ALMOST A MONTH IN THE DESERT 2011

March 26, 2011

Adam Haydock overlooking the Gobblin Valley Desert beyond the State Park
 
104 Hiked Miles 9258 Ft of hiked Elevation isnt too hard to do when you are in the heart of Utah since there are so many canyons, mountains, desertlands, buttes, washes, swells, badlands, and riverways to check out. Coming from a good week on the old route 66 to Vegas was going to be a change from the lights people and just about everything at your fingertips coming into the Utah desert but since Zion was the first stop in this hike, I knew people would be around and it would be a nice transition into the backcountry wonders of Utah. 
Watchman Campground Trail Zion National Park

When I got to Zion I set up at the Watchmen campground hiking up the short but moderate and impressive trail which was a nice introduction to Zion’s beauty. I wanted to make sure I got a good night sleep since I would be tackling the the famous Left Fork Subway system the following morning.
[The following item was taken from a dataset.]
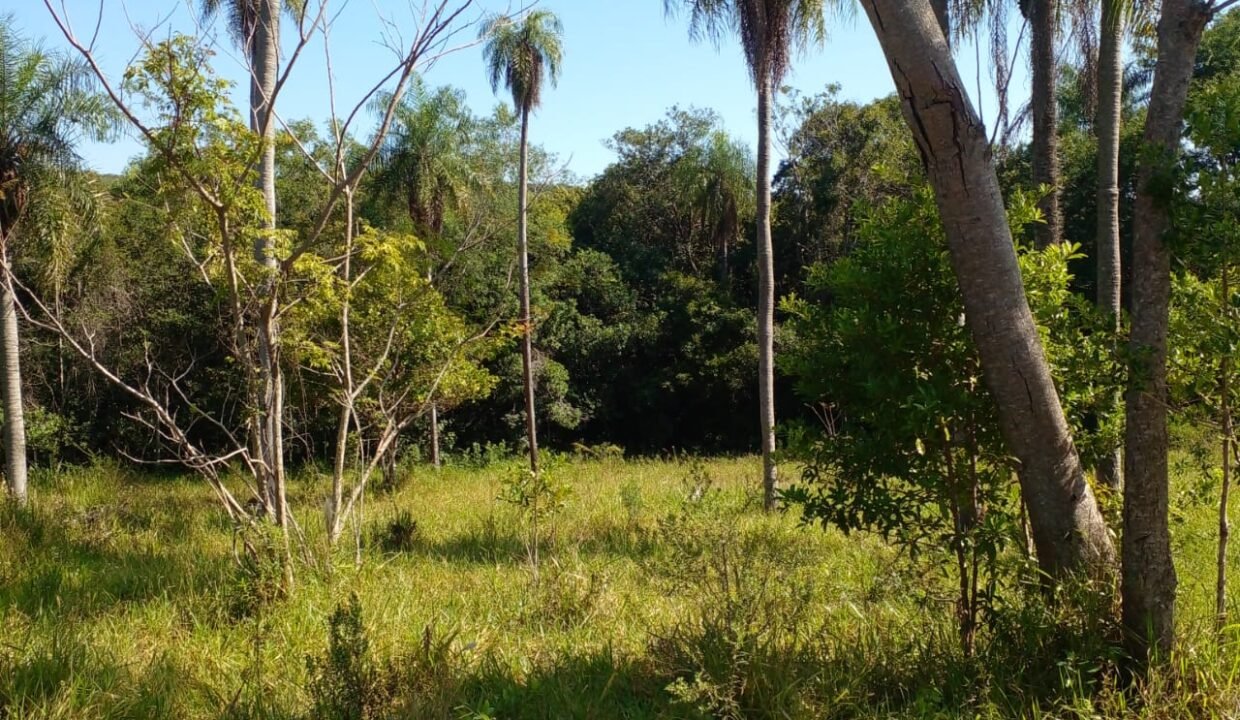 IMG-20250704-WA0011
I woke up at 6AM to get to the trailhead of wildcat canyon and discovered 6 inches of snow and a river of water flowing down the trail to Russell Gulch which would be my entry point into the subway.
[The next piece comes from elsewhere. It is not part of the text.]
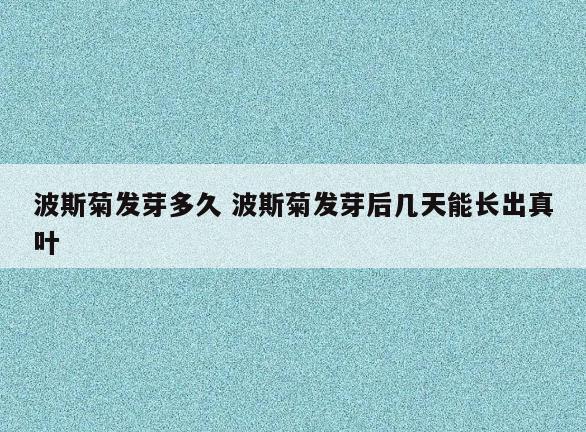波斯菊发芽多久 波斯菊发芽后几天能长出真叶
Wildcat Canyon trailhead from the top Zion National Park

  I prepared my ropes, put on my wetsuit, and set my pack for a waterproof hike. As I was making it down Russell Gulch I had to rappel a few times before I got to the left fork.

The Subway Zion National Park

  The waterfalls from the melting snow were no joke and at 44 degrees even a 3mm wetsuit has its limitations but making it into the left fork I found I could ride the current downstream a bit (feet out in front of you with flotation in your backpack to recline on) till I made it to the subway system.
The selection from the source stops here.